• Exercise materials

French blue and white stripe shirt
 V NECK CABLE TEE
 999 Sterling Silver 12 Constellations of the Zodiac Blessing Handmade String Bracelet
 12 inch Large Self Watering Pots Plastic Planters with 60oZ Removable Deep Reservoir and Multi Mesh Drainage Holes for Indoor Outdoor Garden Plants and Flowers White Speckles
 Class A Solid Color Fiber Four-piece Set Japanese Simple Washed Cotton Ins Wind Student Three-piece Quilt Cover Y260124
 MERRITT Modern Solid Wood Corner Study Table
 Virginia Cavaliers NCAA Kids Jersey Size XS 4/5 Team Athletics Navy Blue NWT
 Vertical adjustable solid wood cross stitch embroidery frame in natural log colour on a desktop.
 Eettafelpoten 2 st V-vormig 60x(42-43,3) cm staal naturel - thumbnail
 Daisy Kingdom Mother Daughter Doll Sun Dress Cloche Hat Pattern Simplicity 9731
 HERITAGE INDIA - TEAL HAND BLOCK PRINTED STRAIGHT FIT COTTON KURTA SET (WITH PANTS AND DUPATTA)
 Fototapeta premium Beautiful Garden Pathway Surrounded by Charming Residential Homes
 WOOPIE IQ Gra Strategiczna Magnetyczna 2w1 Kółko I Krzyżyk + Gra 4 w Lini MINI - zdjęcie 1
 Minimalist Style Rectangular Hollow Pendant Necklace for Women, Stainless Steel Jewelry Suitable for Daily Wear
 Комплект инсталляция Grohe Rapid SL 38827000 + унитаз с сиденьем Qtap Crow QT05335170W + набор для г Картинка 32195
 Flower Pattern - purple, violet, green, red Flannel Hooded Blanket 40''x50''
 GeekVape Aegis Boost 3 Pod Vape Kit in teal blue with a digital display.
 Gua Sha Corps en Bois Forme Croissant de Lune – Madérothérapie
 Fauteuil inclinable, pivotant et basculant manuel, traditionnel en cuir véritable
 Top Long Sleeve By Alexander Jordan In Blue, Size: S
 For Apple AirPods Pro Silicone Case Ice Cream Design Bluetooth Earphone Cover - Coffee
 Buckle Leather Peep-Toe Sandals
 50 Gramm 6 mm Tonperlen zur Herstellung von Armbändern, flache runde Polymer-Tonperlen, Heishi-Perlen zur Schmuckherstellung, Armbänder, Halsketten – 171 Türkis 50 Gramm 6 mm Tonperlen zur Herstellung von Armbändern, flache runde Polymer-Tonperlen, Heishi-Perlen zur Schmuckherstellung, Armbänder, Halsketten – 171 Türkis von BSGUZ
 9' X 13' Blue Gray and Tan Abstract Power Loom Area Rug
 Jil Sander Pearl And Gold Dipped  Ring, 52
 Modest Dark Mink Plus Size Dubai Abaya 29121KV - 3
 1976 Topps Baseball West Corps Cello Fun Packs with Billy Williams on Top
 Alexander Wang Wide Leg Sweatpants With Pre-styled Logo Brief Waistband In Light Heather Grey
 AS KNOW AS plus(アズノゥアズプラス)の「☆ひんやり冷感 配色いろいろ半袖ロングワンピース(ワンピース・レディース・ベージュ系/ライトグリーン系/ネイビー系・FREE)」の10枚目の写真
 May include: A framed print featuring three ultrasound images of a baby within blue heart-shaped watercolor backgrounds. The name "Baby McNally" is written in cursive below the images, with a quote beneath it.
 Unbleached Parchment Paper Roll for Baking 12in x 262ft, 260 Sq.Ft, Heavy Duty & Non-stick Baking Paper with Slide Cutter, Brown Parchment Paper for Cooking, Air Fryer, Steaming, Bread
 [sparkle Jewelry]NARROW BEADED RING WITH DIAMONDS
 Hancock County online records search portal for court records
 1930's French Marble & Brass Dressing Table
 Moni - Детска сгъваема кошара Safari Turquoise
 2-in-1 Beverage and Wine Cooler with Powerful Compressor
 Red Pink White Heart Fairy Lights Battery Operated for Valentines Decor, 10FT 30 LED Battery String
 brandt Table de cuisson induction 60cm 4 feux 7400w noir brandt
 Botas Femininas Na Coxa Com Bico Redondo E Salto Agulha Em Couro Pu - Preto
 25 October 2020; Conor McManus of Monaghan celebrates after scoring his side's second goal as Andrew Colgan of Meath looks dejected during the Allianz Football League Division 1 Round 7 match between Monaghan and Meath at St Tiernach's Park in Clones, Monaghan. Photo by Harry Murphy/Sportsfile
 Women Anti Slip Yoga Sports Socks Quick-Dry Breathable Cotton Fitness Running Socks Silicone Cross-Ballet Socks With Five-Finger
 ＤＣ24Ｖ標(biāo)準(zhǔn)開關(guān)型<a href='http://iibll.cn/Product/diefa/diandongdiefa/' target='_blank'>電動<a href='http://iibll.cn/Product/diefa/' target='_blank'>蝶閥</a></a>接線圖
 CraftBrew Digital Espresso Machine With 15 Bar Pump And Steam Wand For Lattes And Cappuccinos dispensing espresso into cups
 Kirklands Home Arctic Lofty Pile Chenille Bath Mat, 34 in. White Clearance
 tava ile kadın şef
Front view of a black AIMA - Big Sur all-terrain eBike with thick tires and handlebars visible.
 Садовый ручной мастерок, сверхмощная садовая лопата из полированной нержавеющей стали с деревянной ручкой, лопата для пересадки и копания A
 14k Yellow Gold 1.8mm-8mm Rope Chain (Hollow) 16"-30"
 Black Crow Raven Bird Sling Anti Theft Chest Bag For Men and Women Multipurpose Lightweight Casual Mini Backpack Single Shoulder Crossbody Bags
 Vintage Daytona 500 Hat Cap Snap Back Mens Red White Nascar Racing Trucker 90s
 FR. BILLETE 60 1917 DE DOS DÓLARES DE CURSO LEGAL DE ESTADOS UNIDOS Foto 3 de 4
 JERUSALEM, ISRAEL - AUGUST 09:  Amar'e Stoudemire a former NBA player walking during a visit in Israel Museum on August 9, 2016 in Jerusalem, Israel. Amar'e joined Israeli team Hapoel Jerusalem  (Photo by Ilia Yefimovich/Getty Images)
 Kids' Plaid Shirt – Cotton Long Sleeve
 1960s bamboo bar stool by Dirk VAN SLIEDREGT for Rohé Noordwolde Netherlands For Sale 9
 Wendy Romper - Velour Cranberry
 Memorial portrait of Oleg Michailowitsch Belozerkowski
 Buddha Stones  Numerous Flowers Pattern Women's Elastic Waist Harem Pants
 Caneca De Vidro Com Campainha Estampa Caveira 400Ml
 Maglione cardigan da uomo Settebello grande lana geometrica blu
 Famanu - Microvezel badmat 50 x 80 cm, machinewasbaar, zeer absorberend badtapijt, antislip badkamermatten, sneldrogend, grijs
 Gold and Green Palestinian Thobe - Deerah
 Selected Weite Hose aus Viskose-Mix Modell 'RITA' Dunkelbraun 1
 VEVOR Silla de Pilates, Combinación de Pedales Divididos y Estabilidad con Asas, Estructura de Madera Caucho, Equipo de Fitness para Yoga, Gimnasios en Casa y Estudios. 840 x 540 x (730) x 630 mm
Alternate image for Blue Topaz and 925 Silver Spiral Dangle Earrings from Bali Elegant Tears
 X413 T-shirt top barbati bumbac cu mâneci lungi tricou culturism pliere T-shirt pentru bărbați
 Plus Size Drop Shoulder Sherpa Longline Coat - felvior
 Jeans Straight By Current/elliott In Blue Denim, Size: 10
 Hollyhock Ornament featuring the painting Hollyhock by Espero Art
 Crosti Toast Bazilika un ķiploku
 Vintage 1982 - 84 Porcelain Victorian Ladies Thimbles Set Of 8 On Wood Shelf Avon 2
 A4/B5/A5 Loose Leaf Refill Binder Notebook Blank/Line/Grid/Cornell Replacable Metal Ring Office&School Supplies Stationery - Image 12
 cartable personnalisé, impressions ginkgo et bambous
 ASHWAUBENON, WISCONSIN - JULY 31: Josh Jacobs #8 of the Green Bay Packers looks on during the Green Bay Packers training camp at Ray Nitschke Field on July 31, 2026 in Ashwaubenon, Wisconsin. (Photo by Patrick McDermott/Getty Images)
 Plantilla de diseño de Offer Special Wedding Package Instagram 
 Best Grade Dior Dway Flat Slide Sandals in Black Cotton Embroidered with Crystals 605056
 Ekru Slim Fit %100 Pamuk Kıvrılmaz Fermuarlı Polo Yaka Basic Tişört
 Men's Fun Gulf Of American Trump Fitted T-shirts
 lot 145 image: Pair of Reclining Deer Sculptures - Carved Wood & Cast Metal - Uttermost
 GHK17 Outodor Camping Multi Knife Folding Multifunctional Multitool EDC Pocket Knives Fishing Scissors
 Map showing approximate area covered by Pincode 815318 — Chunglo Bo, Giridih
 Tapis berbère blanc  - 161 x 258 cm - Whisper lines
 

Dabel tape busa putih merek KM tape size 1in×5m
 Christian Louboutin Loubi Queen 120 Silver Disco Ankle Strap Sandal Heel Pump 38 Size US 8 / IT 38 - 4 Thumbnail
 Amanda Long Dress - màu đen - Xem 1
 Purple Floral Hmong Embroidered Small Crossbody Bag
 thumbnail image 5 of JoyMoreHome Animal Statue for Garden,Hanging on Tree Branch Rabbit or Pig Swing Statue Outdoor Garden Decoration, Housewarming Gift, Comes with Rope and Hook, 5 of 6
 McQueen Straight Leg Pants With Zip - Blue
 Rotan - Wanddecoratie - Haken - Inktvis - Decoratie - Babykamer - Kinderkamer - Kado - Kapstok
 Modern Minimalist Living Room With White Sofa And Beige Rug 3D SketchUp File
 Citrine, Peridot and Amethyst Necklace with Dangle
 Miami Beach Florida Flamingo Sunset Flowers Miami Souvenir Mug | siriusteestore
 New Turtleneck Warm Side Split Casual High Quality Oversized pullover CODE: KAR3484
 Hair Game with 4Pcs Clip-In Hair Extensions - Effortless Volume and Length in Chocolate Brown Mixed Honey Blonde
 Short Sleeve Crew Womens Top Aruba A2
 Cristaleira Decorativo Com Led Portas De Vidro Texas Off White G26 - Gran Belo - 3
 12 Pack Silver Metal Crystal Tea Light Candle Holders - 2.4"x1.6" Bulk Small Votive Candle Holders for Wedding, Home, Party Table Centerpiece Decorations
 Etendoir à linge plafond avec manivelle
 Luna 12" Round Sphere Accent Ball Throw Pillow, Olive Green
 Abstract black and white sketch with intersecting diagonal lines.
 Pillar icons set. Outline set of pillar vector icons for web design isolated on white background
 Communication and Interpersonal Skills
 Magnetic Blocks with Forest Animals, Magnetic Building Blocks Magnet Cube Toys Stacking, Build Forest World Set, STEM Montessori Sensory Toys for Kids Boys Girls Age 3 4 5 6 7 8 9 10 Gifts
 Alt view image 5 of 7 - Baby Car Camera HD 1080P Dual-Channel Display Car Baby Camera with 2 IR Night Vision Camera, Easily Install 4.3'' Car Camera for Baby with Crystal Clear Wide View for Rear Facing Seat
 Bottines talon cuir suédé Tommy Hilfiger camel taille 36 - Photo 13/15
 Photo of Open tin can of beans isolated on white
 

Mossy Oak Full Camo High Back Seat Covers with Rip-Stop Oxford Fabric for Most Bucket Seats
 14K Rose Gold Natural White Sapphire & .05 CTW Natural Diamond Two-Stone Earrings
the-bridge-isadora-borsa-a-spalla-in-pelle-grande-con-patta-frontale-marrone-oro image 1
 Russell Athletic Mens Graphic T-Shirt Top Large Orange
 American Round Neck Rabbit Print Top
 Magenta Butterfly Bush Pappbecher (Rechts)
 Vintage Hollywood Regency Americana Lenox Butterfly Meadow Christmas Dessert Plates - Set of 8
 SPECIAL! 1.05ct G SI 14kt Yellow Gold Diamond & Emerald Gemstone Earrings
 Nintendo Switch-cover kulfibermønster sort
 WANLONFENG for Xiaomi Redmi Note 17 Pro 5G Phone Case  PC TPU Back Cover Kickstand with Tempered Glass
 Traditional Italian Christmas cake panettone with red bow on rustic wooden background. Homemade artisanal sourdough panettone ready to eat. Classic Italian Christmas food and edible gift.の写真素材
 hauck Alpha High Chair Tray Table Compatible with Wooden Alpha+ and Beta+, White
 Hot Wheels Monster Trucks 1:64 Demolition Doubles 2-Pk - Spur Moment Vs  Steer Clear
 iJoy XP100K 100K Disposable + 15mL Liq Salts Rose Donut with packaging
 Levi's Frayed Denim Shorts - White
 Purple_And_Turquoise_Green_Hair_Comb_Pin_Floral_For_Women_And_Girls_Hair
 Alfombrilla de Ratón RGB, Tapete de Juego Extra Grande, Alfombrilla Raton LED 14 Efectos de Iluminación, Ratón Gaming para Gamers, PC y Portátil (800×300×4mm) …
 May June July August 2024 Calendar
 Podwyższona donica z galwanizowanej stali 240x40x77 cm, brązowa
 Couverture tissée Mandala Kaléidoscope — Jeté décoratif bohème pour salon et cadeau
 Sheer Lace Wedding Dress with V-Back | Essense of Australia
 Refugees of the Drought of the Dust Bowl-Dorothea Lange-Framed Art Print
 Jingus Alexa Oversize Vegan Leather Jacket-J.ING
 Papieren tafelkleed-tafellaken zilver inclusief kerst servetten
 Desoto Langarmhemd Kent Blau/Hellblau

• Exercise goal
Write down how many lines in this listing contain the word "String"; the number is the whole answer.

• Output of the exercise
2